REQUIRED WORK -
Extract the stretch of lines that starts at the line with "Die Sinnesorgane der" and ends at the last line of the data below. Give it exactly, without pictures.

Extracted data entries
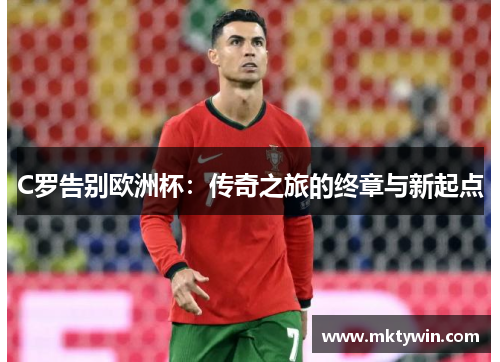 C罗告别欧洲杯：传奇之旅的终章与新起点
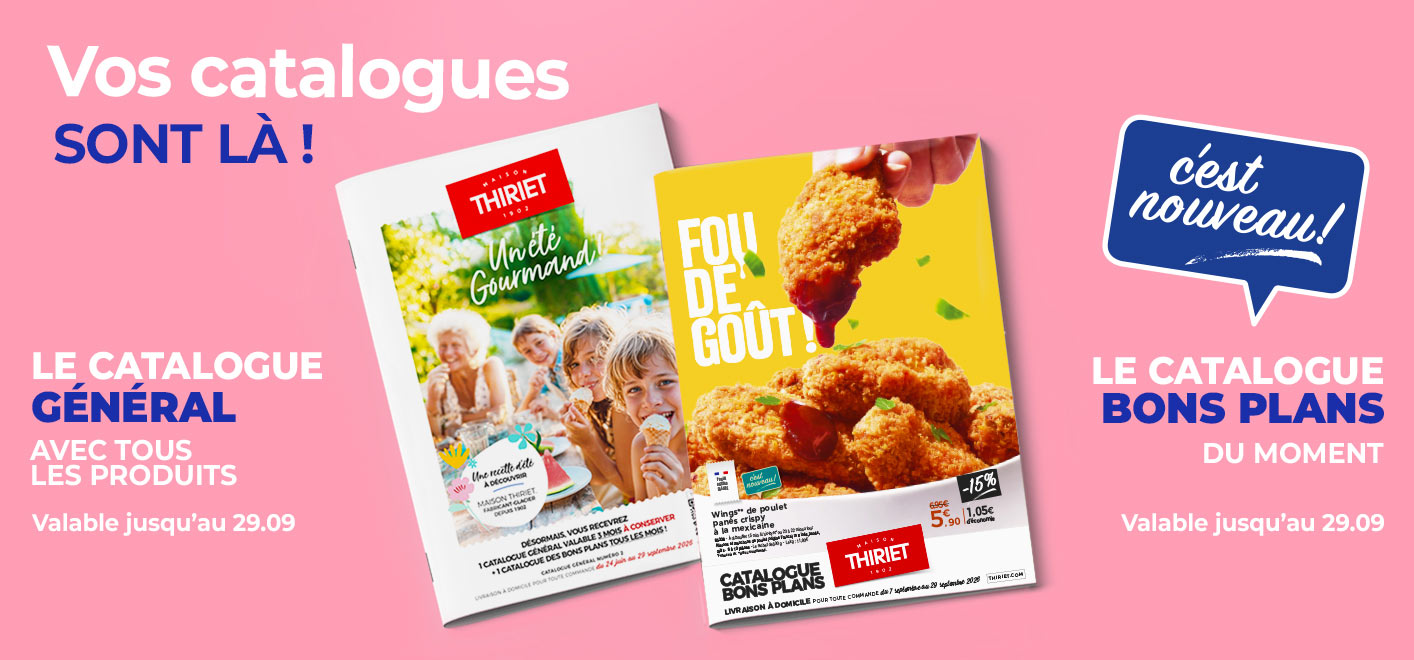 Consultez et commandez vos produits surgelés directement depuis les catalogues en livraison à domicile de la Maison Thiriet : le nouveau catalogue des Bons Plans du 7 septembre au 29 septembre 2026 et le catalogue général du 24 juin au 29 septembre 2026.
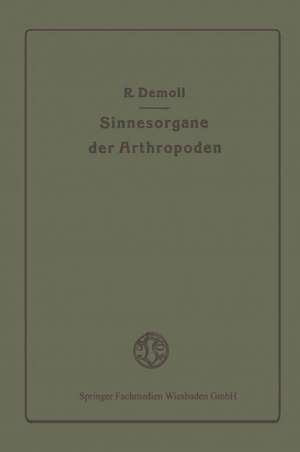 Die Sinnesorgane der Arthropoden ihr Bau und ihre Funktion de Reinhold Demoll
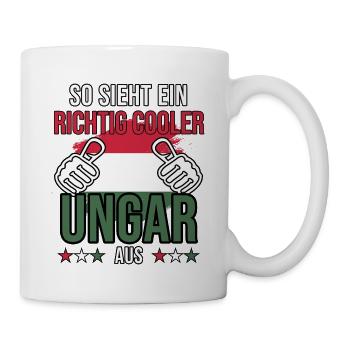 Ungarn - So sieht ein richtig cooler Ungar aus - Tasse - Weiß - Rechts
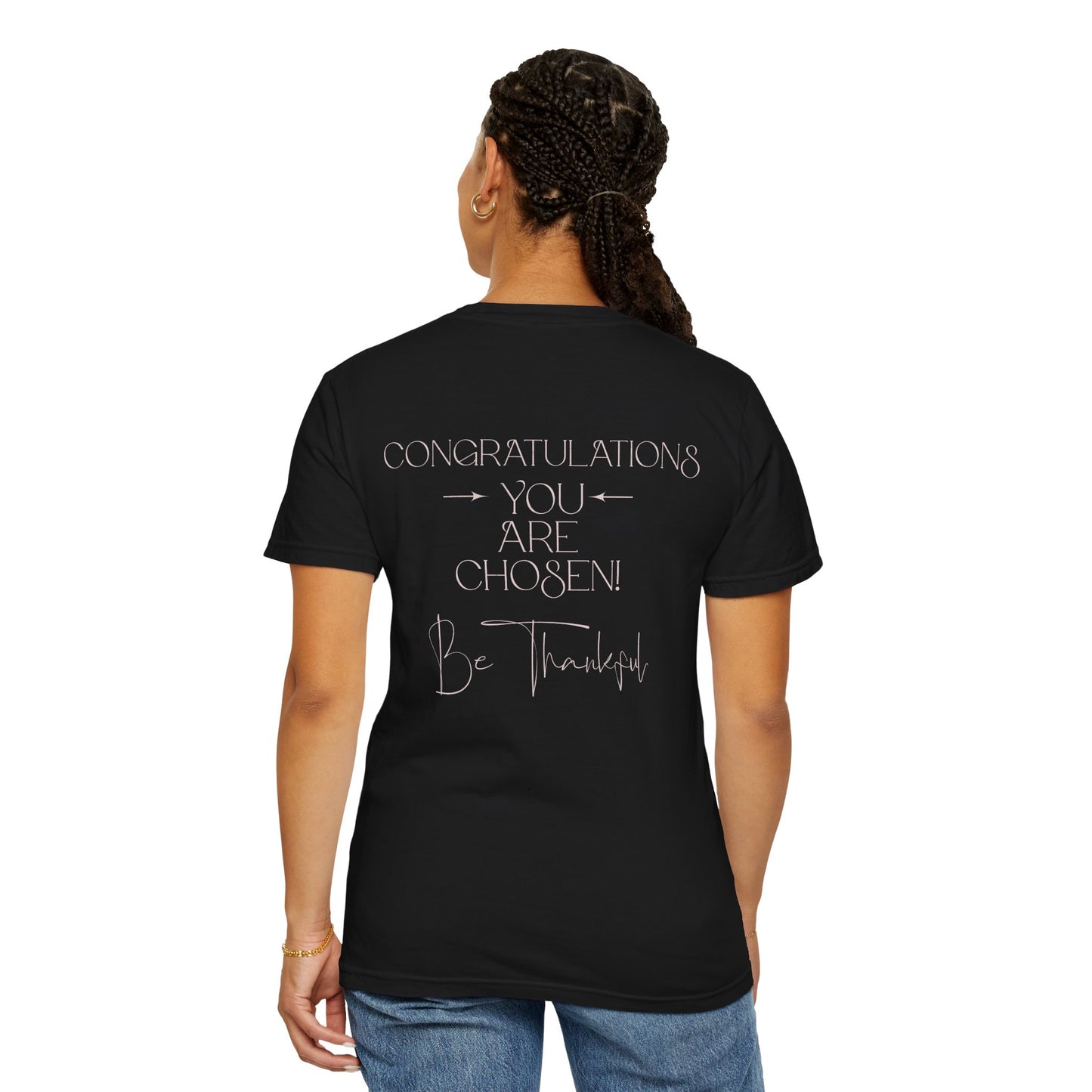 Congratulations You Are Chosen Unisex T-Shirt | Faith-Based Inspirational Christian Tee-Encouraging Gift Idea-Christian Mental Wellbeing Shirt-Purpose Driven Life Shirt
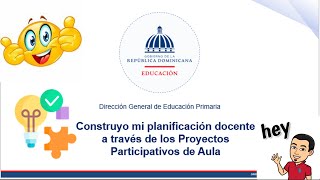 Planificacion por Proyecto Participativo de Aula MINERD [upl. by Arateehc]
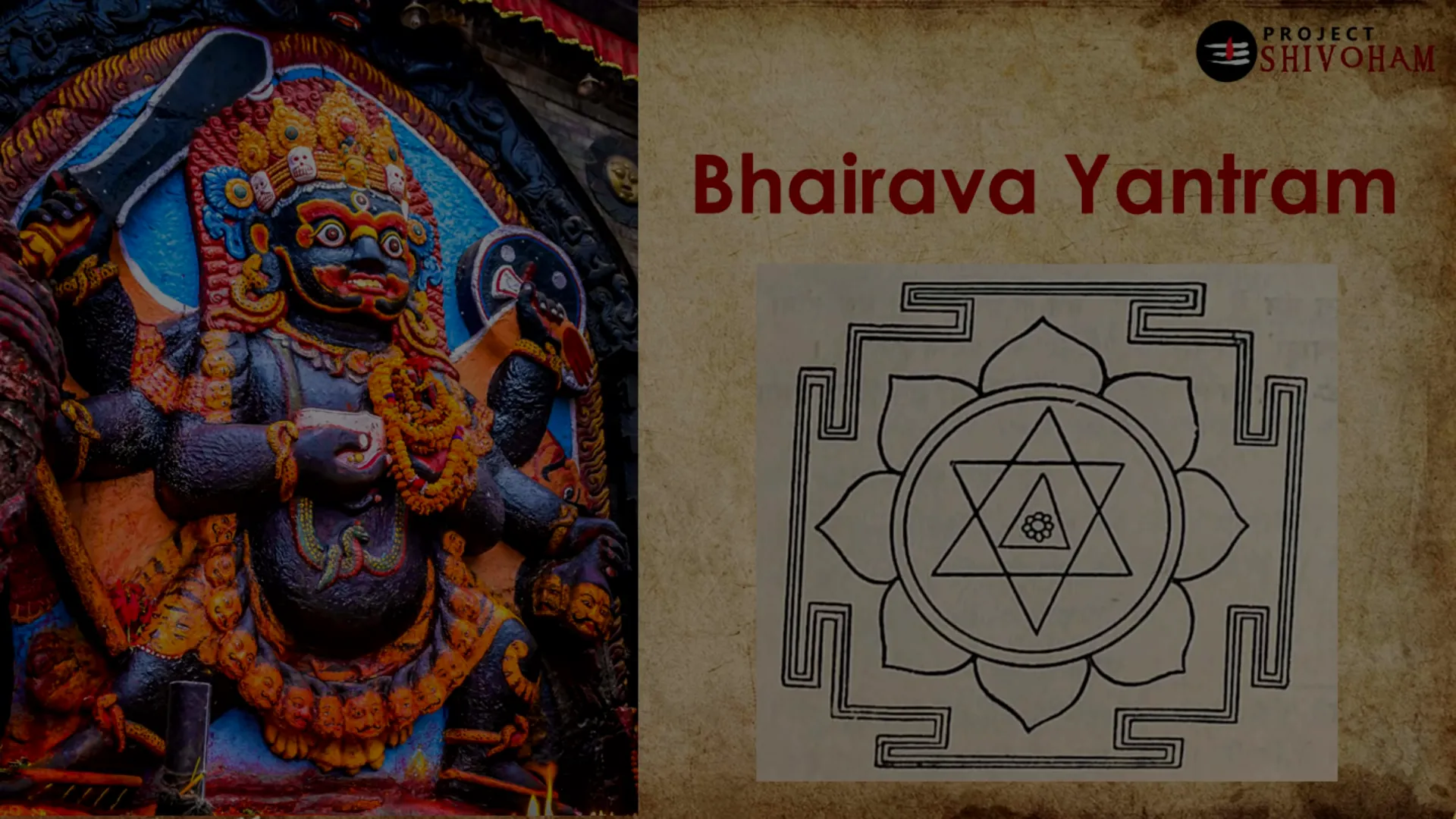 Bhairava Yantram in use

EXERCISE RESULT -
 Die Sinnesorgane der Arthropoden ihr Bau und ihre Funktion de Reinhold Demoll
 Ungarn - So sieht ein richtig cooler Ungar aus - Tasse - Weiß - Rechts
 Congratulations You Are Chosen Unisex T-Shirt | Faith-Based Inspirational Christian Tee-Encouraging Gift Idea-Christian Mental Wellbeing Shirt-Purpose Driven Life Shirt
 Planificacion por Proyecto Participativo de Aula MINERD [upl. by Arateehc]
 Bhairava Yantram in use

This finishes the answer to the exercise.